Created attachment 1552522 [details] glibc C test file strcoll lv_LV.UTF-8 Description of problem: strcoll sort result incorrect in many apps (sort textfile,php arrays and more). Tested locale lv_LV.UTF-8. My be other locales affected also. Version-Release number of selected component (if applicable): start from glibc-2.25 wrong results. How reproducible: strcoll(str1, str2) //test file attachment Steps to Reproduce: Compile and run test_strcoll_lv.c with glibc 2.24 - Result correct Compile and run test_strcoll_lv.c with glibc > 2.25 - Result incorrect Actual results: str1 is greater than str2 --correct str2 is less than str3 --incorrect sorted like: aa,ve,āb Expected results: str1 is greater than str2 --correct str2 is greater than str3 --correct sorted like: aa,āb,ve Additional info: 2.17 Centos 7 - Correct 2.23 Ubuntu 16LTS - Correct 2.24 Fedora 25 - Correct 2.25 Fedora 26 - Incorrect 2.28 Fedora 29 - Incorrect 2.27 Ubuntu 18LTS - Incorrect
Your expected sort of aa < āb < ve is correct. Your test case doesn't match these values though. I suggest you review your test case. I have used the data from your test for my own test. Running my own test on F29 shows: "ab" is greater than "āa" (13) "āa" is less than "ve" (-117) "ab" is less than "ve" (-117) "āa" is less than "ab" (-13) "ve" is greater than "āa" (117) "ve" is greater than "ab" (117) Running my own test on F30 shows: "ab" is greater than "āa" (13) "āa" is less than "ve" (-117) "ab" is less than "ve" (-117) "āa" is less than "ab" (-13) "ve" is greater than "āa" (117) "ve" is greater than "ab" (117) Which results in the following total sort: āa < ab < ve. This all correct. This also matches ICU/CLDR: >>> import icu >>> collator = icu.Collator.createInstance(icu.Locale('en_US.UTF-8')) >>> sorted(['a','b','ā','v', 'aa', 'ab', 'āa', 'āb'], key=collator.getSortKey) ['a', '\xc4\x81', 'aa', '\xc4\x81a', 'ab', '\xc4\x81b', 'b', 'v'] a < ā < aa < āa < ab < āb < b < v Does that answer your question?
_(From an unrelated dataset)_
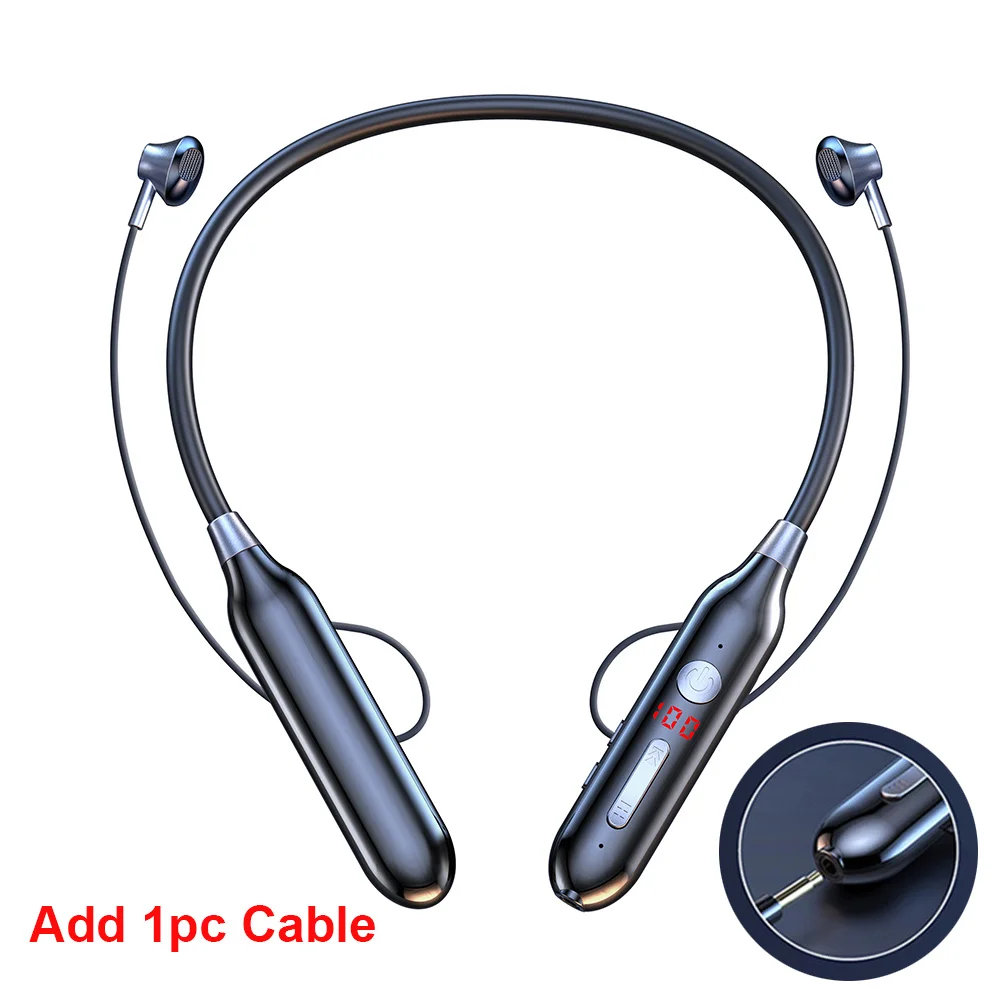 

Wireless headset, noise cancellation, sports helmet, neck magnetic stripe, Bluetooth compatibility, led real-time power display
No in collation lv_LV.UTF-8 alphabetical order are: a < aa < ab < ā < āa < āb < b < be < v < vē It is like compare first char by alphabet, then second char, then third... Alphabet: a,ā,b,c,č,d,e,ē,f,g,ģ,h,i,ī,j,k,ķ,l,ļ,m,n,ņ,o,p,r,s,š,t,u,ū,v,z,ž with <= glibc2.24 sort, strcoll return correct order. No problems when you create array with only one char per string(like alphabet array), but problems start with more than one char per string. So main problem: I can't order strings by alphabetical(collation lv_LV.UTF-8) order in newer OS/apps/glibc and don't know witch package or source are responsible and then something are changed. Not work: php strcoll, php icu, C strcoll, C icu, python icu - for all of them are one source of ordering. I can take old OS with glibc2.24 and order are correct, i can take MS excel and order are correct.. After some days of test, i stoped at glibc, because it sorts with collate and i think it use https://unicode.org/. But nothing are changed at unicode level for lv_LV locale.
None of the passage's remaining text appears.